TASK REQUIREMENTS:
Without the pictures, set down everything in the listing exactly.

INFORMATION PROVIDED:
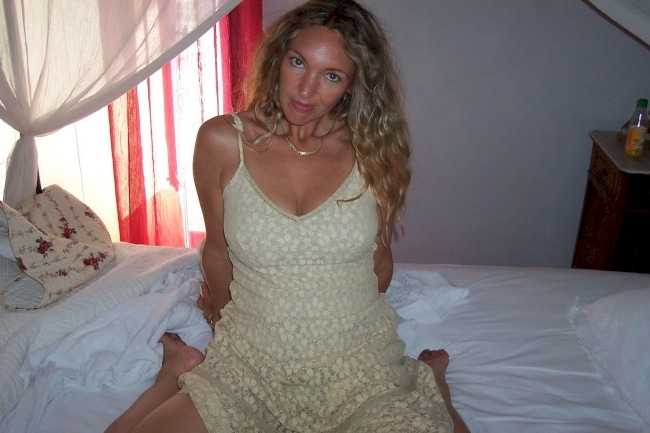 Recherche un homme seul
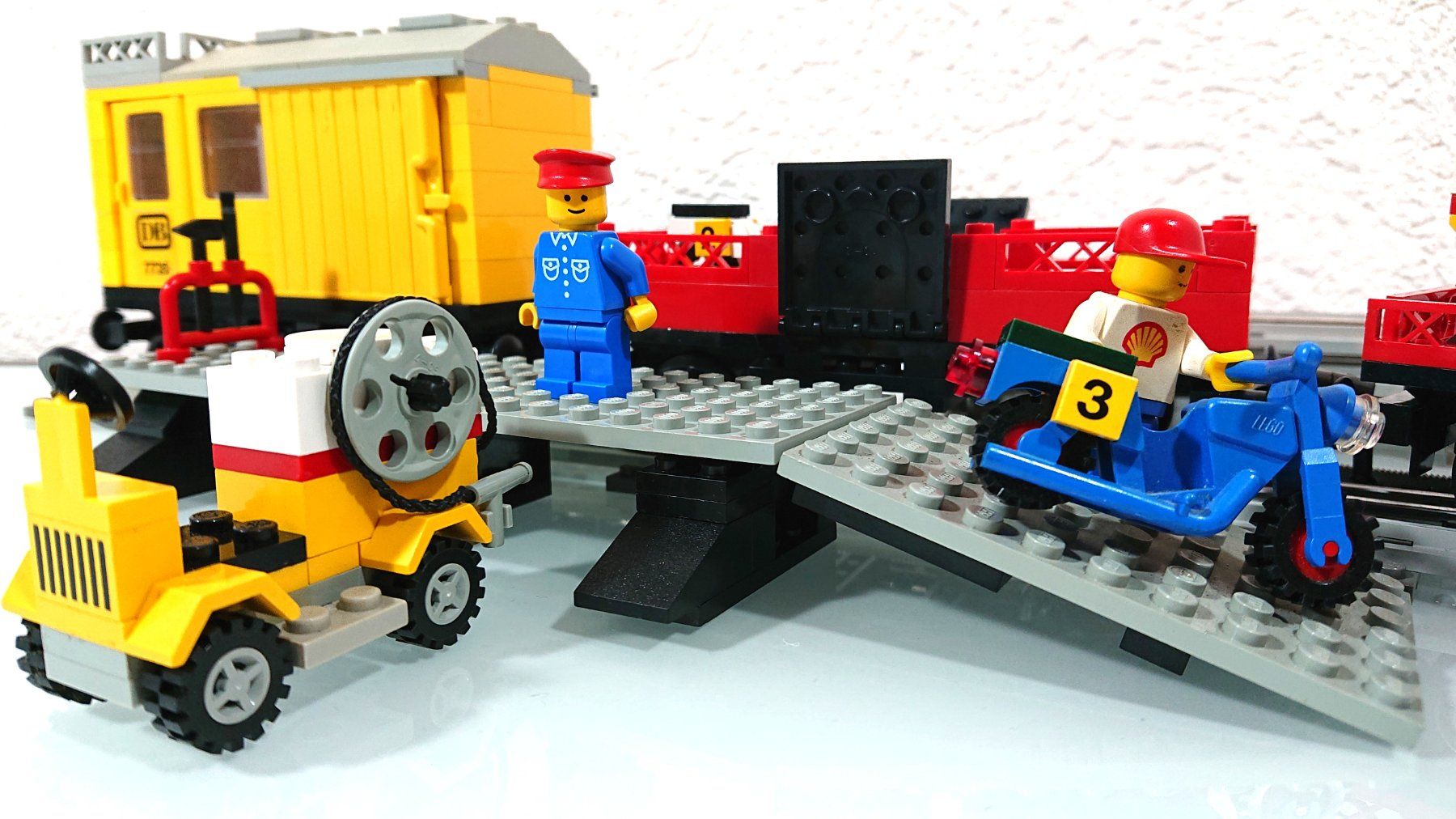 Lego Kit di costruzioni: LEGO 12V EISENBAHN 7735 GÜTERZUG SET – Usato da Turbenthal venduto da Ddanuh 2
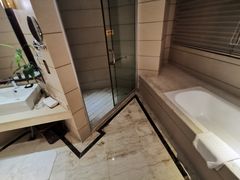 -驻马店柏林国际酒店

TASK RESULT:
 Recherche un homme seul
 Lego Kit di costruzioni: LEGO 12V EISENBAHN 7735 GÜTERZUG SET – Usato da Turbenthal venduto da Ddanuh 2
 -驻马店柏林国际酒店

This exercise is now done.